UK cement: the importance of policy
Published by Alfie Lloyd-Perks,
Assistant Editor
World Cement,
World Cement sat down with Martin Casey, Mineral Products Association (MPA), to discuss the challenges facing the UK cement sector and the policies needed to support its future.
The UK cement sector has had a difficult few years. Despite the optimism shown with projects like HyNet and the Peak Cluster, it was recently announced that UK cement production had fallen to its lowest levels for decades. What are the primary challenges facing the UK sector at present?
UK cement is an essential, foundational industry, but it’s being squeezed on competitiveness. High energy, regulatory, and labour costs are making it harder to invest and compete with overseas producers. The latest production data underlines the point – domestic output has fallen to its lowest level since 1950. A growing reliance on imports puts the UK at risk of losing its materials security and offshoring its emissions. If we’re serious about delivering homes and infrastructure at pace, we need to be serious about our materials supply chain, too.
What kind of support are you looking for from policymakers? Where would government assistance be most impactful?
We need a fair and competitive environment to do business. In practical terms, that means tackling industrial electricity prices, which are among the highest in the world, getting carbon policy right so UK producers aren’t at a disadvantage, and creating the economic certainty and stability that unlocks investment.
We need policymakers to focus on creating a level playing field.
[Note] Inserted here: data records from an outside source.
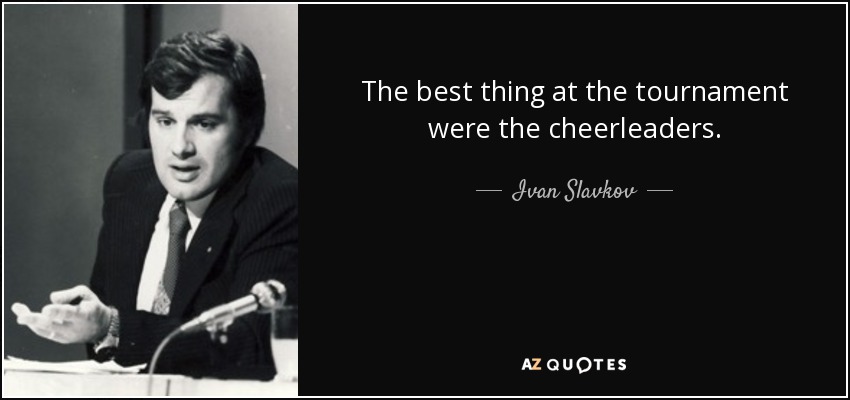 The best thing at the tournament were the cheerleaders. - Ivan Slavkov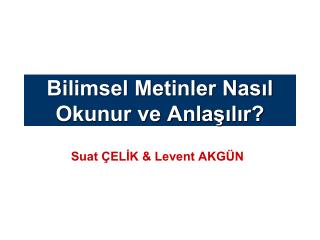 Bilimsel Metinler Nasıl Okunur ve Anlaşılır?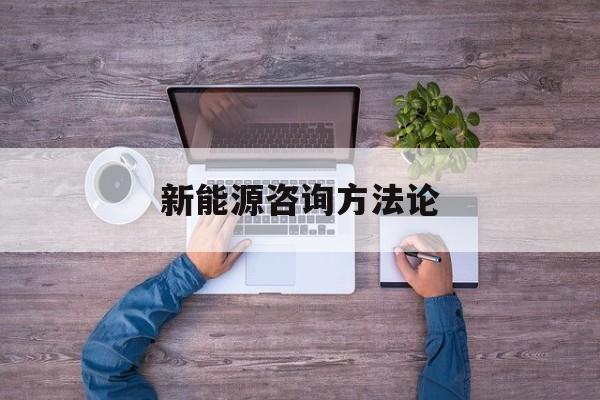 新能源咨询方法论(新能源汽车相关咨询)合作市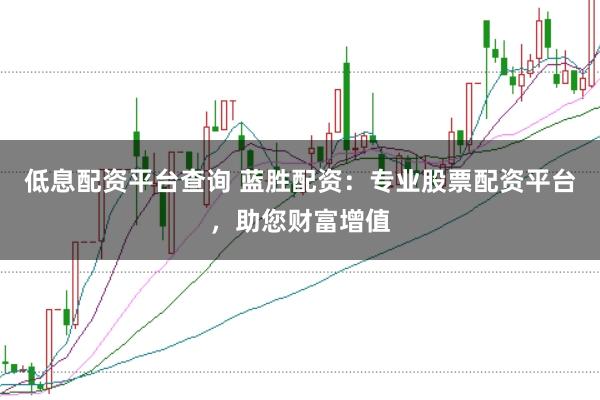 低息配资平台查询 蓝胜配资:专业股票配资平台,助您财富增值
The UK Carbon Border Adjustment Mechanism (CBAM), set to come into effect in January 2027, could help ensure imports face a carbon cost comparable to domestic production by accounting for both the costs of carbon and the indirect costs embedded in electricity prices. The draft legislation doesn’t do this at present. As the sector identified as most at risk of carbon leakage, cement should qualify for Energy Intensive Industry (EII) compensation to help offset these costs, but it is currently excluded. The result is that British cement producers are left facing sky high electricity costs without compensation. We’re also asking for earlier testing and clarity on the rates that will be applied as part of the CBAM, so when the policy kicks in, there’s confidence that it will work effectively.
Public procurement policy would also play a powerful role. Prioritising British-made cement would help support domestic production, reduce carbon leakage, and back good jobs and growth across the domestic supply chain.
Without these measures in place, there is an increasing risk of deindustrialisation in a sector that underpins critical infrastructure, housing, and many of the government’s plans for growth.
Moving to the topic of CCS: How central is this technology to the UK cement industry’s net zero ambitions, compared to other levers like fuel switching or clinker substitution?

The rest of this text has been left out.